I just farted. And everybody around me is looking at the fat girl to my left. I win.
What I thought it would be sexy pouring melted chocolate down here chest, ended up in second degree burns. Hot food and sex do not mix.
i woke up with my wallet keys and phone missing and a treasure map to find them stapled to my shirt.
haha i know
You swear the intervention is for her? I've fallen for that one twice.
and after i failed the breathalyzer i said to the cop "i've never been very good at tests"....
Doing Jager Bombs on a Sunday morning is justified...How else is my team going to win?

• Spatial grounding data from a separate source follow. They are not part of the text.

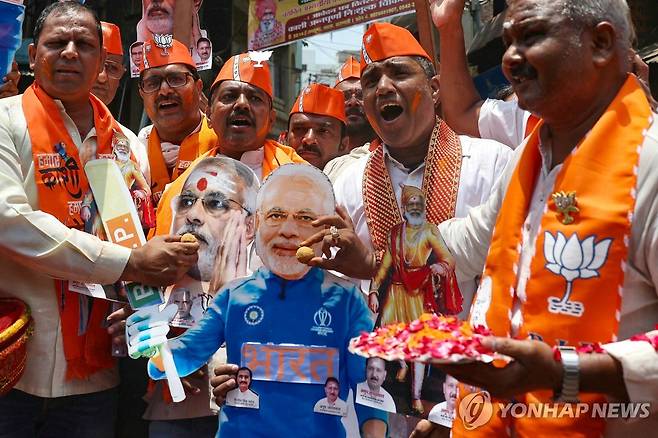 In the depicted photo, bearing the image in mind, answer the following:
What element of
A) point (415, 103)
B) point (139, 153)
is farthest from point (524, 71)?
point (139, 153)

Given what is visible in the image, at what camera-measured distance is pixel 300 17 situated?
389 inches

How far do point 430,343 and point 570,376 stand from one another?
323mm

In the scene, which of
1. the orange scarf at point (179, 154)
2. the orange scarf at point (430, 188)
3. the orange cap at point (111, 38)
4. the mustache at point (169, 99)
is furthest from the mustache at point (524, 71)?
the orange cap at point (111, 38)

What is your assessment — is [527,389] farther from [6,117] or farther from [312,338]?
[6,117]

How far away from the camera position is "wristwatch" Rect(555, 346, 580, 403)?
1.83 m

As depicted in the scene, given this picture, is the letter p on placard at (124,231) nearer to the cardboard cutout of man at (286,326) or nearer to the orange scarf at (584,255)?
the cardboard cutout of man at (286,326)

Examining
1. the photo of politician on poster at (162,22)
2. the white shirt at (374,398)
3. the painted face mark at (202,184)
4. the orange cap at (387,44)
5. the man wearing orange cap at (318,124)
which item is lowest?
the white shirt at (374,398)

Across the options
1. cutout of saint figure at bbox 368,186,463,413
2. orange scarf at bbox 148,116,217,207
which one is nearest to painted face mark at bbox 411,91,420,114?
cutout of saint figure at bbox 368,186,463,413

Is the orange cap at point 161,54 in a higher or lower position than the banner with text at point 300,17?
lower

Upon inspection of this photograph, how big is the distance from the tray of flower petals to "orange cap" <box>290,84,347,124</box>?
3000 mm

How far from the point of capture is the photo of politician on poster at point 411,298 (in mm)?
2756

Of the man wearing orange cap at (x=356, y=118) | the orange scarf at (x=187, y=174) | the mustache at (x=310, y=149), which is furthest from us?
the man wearing orange cap at (x=356, y=118)

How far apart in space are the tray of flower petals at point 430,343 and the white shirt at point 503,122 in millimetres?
1744

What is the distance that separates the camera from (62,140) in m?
3.41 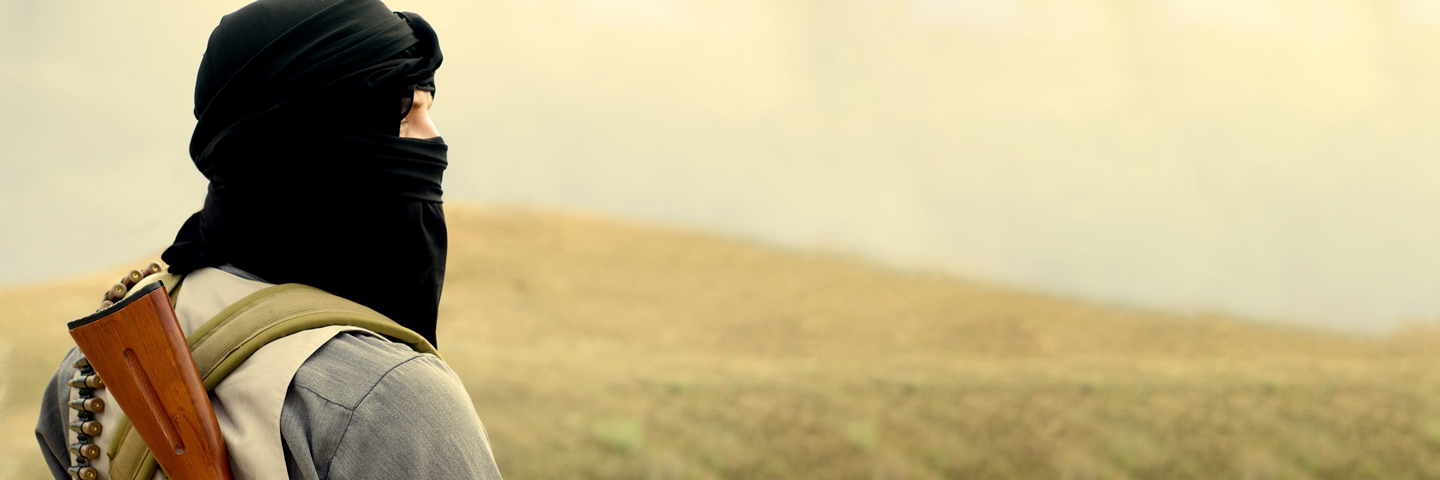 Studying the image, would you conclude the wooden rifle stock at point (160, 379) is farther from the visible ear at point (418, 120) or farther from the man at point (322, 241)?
the visible ear at point (418, 120)

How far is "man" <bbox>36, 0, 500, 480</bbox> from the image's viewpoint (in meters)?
1.15

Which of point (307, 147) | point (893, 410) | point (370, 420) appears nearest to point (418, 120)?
point (307, 147)

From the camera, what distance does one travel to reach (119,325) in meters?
1.18

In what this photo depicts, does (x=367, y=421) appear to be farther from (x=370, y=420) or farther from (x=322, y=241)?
(x=322, y=241)

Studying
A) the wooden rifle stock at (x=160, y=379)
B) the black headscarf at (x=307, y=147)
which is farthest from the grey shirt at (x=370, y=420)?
the black headscarf at (x=307, y=147)

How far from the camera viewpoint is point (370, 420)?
114cm

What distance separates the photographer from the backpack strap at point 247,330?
1178 mm

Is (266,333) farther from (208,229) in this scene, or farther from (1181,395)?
(1181,395)

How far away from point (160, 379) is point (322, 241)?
0.33 meters

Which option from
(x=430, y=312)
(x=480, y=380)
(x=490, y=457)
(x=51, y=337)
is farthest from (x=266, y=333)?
(x=51, y=337)

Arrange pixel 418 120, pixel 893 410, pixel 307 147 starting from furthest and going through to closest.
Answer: pixel 893 410 → pixel 418 120 → pixel 307 147

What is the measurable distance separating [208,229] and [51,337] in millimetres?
9254

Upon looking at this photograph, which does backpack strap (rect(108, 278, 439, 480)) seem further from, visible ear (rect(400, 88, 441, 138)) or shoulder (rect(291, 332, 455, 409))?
visible ear (rect(400, 88, 441, 138))

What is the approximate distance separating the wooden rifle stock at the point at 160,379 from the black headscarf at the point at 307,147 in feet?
0.63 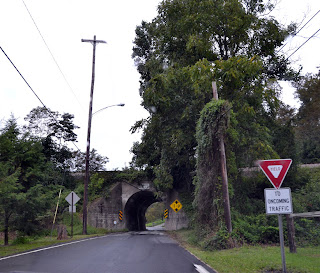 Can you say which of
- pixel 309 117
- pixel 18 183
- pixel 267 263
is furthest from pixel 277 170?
pixel 309 117

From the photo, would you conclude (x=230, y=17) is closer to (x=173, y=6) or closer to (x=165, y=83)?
(x=173, y=6)

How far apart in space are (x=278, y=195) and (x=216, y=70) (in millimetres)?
11748

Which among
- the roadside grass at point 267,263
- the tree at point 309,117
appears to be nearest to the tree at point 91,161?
the tree at point 309,117

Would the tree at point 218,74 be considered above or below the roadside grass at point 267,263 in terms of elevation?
above

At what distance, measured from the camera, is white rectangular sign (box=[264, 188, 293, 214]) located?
25.6ft

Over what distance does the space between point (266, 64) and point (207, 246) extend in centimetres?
1360

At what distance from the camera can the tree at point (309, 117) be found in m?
33.6

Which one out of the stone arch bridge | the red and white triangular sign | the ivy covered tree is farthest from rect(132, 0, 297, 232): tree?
the stone arch bridge

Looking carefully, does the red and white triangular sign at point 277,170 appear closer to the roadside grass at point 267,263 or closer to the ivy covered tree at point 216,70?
the roadside grass at point 267,263

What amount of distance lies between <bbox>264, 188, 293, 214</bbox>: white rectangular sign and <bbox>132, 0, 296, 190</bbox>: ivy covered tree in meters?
9.09

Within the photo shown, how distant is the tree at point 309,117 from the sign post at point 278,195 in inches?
1073

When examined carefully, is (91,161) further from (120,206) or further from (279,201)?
(279,201)

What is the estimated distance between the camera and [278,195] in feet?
26.0

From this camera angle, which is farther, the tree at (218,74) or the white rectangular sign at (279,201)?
the tree at (218,74)
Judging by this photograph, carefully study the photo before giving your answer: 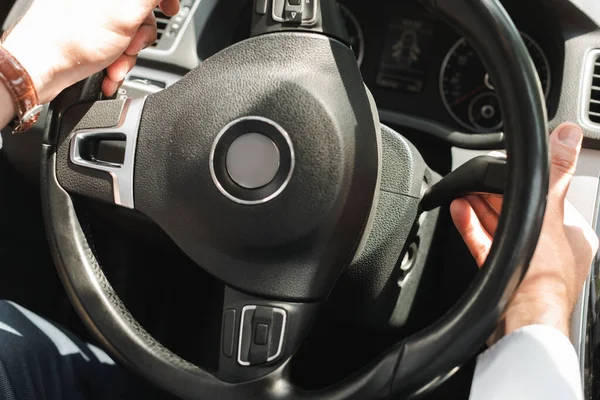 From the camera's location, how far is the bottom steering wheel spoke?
74 centimetres

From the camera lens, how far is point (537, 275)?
826 millimetres

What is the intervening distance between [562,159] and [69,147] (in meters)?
0.63

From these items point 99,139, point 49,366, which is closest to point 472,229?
point 99,139

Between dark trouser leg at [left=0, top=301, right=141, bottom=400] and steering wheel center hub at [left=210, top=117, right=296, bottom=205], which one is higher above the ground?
steering wheel center hub at [left=210, top=117, right=296, bottom=205]

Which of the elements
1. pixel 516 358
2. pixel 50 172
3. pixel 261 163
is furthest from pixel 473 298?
pixel 50 172

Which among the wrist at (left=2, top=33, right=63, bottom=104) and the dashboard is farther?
the dashboard

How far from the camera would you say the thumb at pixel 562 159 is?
0.81m

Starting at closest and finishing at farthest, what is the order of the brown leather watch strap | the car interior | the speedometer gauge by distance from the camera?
the car interior < the brown leather watch strap < the speedometer gauge

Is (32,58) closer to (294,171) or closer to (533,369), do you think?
(294,171)

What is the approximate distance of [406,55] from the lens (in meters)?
1.19

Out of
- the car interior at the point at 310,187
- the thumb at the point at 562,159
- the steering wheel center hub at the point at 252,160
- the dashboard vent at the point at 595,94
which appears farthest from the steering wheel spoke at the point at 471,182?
the dashboard vent at the point at 595,94

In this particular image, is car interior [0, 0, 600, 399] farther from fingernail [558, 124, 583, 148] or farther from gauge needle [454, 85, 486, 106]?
fingernail [558, 124, 583, 148]

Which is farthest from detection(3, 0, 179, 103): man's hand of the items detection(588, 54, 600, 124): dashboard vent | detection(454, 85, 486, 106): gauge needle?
detection(588, 54, 600, 124): dashboard vent

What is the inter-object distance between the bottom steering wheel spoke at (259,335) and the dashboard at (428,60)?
521 millimetres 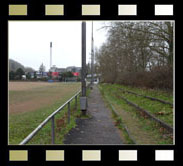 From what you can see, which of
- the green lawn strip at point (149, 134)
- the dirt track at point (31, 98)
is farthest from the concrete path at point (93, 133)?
the dirt track at point (31, 98)

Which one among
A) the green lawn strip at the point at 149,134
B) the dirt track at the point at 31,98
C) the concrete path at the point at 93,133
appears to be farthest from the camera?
the dirt track at the point at 31,98

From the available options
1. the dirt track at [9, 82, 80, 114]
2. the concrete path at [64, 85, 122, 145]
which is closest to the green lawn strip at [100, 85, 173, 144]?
the concrete path at [64, 85, 122, 145]

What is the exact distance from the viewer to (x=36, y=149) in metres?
2.69

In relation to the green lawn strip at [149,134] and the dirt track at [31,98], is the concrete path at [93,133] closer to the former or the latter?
the green lawn strip at [149,134]

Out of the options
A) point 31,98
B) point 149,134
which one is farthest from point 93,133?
point 31,98

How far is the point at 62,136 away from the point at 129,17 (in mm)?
3966

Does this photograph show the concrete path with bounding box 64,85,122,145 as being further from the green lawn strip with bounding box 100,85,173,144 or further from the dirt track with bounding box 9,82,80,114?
the dirt track with bounding box 9,82,80,114

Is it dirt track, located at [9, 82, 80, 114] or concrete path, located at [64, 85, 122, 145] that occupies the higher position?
concrete path, located at [64, 85, 122, 145]

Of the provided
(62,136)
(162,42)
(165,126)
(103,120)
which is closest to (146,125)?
(165,126)

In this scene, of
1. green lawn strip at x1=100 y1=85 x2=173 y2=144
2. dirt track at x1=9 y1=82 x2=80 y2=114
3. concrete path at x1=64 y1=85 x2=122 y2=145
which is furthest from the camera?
dirt track at x1=9 y1=82 x2=80 y2=114

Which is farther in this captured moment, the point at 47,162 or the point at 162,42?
the point at 162,42

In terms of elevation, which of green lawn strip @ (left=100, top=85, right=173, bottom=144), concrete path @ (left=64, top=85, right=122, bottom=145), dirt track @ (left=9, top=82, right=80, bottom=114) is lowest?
dirt track @ (left=9, top=82, right=80, bottom=114) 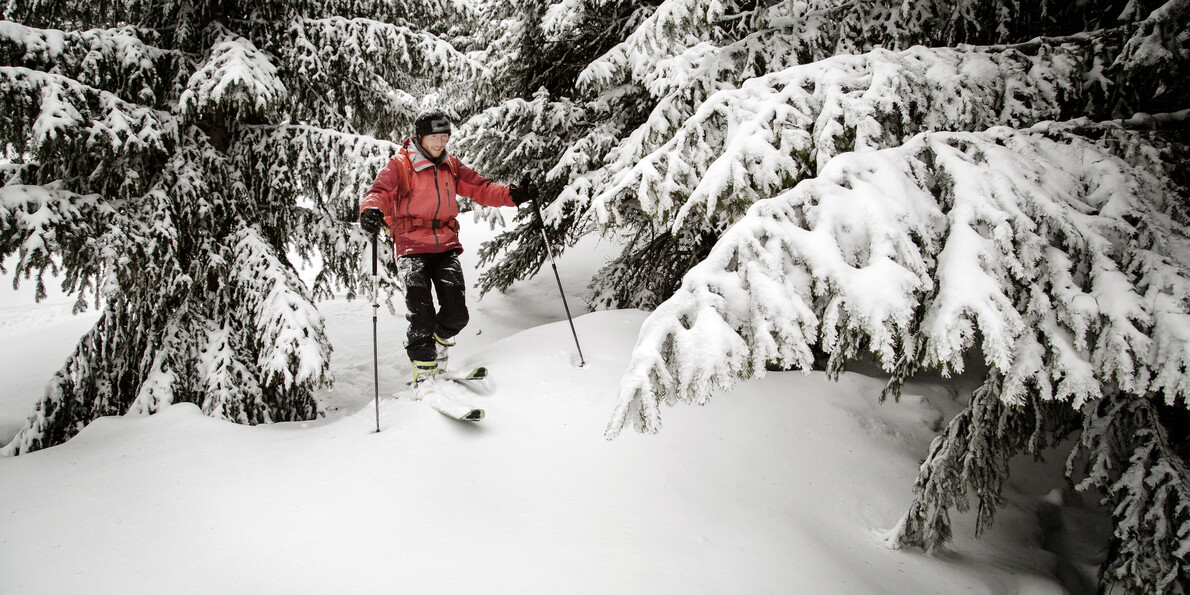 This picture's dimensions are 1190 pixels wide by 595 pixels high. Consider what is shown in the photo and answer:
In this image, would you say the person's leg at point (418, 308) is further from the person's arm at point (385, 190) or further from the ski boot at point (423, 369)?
the person's arm at point (385, 190)

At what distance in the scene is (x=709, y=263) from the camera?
2293 millimetres

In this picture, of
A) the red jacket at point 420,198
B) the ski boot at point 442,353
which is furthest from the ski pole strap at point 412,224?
the ski boot at point 442,353

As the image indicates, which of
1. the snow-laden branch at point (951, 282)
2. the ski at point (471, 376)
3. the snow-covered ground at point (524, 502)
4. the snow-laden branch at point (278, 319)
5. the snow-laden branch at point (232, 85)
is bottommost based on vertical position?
the snow-covered ground at point (524, 502)

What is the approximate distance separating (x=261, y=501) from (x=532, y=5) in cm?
596

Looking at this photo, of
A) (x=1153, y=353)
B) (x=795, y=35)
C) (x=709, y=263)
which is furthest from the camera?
(x=795, y=35)

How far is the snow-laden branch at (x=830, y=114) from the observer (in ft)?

Bring my gorilla suit and my bong.
Oh its going to be that type of weekend?
Apparently im getting a reputation for how i mix drinks. Im the midas of booze. Everything i touch turns to koolaid.
That's what you get for dating construction workers you meet in tunnels.
He is peeing inside and sticking up for himself. Those are two of the four signs of the apocalypse.
we told the drug dealer that our car was dead and we needed a jump so he would bring the drugs to us...
Every minute you wait for the sex that's not gonna happen, we're missing a tone deaf, drunk, tard-asaurus rex half-sing a 90's song to a bunch of other dinotards at karaoke.
I have never appreciated strippers so much. Ma'am, you are an artist
I didn't realize how much I relied on you for a reason to drink on tuesday
So, my first week in Saskatchewan ended with me drinking moonshine and getting eaten out in a tractor. I already love it here!